The project’s owner and management agent did not always manage the project in accordance with the regulatory agreement and HUD requirements. Although exigent health and safety deficiencies were corrected and certified within required timeframes, (1) the operating funds were not always used for eligible operating expenses, and expenses were not always supported, (2) the owner made advances to the project that were misclassified as loans, (3) the project may have been used for nonresident purposes, and (4) the management agreement was in conflict with the management agent’s certification. These issues occurred because the owner and management agent lacked adequate controls for the operation of the project to ensure that project funds were used only in accordance with the regulatory agreement and HUD’s requirements.

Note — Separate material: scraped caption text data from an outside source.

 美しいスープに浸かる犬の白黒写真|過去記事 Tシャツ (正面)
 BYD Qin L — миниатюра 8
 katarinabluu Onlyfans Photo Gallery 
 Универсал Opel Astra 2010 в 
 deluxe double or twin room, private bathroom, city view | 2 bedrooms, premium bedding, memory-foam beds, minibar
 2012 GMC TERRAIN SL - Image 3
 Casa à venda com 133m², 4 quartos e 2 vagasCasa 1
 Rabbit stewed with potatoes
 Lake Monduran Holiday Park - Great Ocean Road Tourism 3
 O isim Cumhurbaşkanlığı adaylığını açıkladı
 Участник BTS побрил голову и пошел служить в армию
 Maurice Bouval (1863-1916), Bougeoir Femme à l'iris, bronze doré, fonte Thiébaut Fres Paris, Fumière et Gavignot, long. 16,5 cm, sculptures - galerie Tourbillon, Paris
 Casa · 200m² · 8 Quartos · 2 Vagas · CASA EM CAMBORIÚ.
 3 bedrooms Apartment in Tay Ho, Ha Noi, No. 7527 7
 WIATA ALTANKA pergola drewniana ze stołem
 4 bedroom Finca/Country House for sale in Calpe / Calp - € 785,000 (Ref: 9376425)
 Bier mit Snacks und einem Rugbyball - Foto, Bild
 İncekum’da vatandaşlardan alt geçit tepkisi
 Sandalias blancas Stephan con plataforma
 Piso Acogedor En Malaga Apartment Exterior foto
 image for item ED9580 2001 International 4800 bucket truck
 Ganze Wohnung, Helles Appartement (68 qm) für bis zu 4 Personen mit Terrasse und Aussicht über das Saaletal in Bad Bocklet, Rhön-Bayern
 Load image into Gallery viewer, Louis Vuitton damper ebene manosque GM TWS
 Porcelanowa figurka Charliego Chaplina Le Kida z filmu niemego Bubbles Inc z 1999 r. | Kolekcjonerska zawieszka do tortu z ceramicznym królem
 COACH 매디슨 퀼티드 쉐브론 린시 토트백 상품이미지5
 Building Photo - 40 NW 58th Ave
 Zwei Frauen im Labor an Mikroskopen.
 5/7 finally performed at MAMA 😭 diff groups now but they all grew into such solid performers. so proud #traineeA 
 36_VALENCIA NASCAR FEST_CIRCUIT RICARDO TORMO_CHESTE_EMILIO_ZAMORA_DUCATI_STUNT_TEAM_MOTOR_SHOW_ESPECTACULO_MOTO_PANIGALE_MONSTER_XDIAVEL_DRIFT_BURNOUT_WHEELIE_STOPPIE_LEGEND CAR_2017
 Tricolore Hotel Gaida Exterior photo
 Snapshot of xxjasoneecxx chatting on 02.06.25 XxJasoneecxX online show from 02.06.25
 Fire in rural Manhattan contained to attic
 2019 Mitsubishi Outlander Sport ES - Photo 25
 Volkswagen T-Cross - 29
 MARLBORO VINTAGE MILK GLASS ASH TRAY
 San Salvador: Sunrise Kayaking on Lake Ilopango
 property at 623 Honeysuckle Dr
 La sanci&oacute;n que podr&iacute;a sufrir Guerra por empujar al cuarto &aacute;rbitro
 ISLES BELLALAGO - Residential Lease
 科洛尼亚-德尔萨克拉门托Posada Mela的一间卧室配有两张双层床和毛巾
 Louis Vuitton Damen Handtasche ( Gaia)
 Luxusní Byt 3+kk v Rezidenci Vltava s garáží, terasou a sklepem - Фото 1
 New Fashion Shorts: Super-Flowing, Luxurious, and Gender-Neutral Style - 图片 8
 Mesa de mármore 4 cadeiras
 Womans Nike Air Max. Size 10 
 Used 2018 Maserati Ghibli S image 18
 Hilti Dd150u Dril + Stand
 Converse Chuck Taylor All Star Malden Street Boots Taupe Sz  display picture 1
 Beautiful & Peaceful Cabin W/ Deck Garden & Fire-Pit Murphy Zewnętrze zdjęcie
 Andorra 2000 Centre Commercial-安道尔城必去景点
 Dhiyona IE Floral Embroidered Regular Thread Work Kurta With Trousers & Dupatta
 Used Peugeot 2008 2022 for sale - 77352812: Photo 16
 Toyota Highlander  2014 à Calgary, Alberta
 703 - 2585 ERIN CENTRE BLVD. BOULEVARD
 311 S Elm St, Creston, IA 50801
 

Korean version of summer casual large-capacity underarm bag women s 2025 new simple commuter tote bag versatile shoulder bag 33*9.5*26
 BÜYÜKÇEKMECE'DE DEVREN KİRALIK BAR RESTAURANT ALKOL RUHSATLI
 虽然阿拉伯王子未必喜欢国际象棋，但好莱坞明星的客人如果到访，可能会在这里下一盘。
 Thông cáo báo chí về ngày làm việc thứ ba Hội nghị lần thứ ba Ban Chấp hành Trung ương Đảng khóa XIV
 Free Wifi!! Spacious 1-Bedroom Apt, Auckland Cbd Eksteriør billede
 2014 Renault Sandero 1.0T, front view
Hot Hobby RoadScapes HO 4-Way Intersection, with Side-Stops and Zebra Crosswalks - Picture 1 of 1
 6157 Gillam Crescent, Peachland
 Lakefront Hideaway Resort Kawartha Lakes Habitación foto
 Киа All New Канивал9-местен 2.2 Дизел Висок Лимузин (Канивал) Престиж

As a result, the project incurred ineligible costs of $17,761 and unsupported costs of $17,653. In addition, $45,000 in owner advances misclassified as loans can be put to better use if the transactions are reclassified and properly recorded to ensure that any repayments are made in accordance with the regulatory agreement.
We recommend that the Director of HUD’s Boston Asset Management Division require the owner to (1) reimburse the project for $17,761 used for ineligible costs, (2) support or reimburse the project $17,653 for inadequately supported expenses, (3) reclassify and properly record $45,000 in owner advances, (4) obtain a formal agreement and approval from HUD regarding allowed nonresident uses of the project, and (5) strengthen controls to address the control weaknesses identified in the report.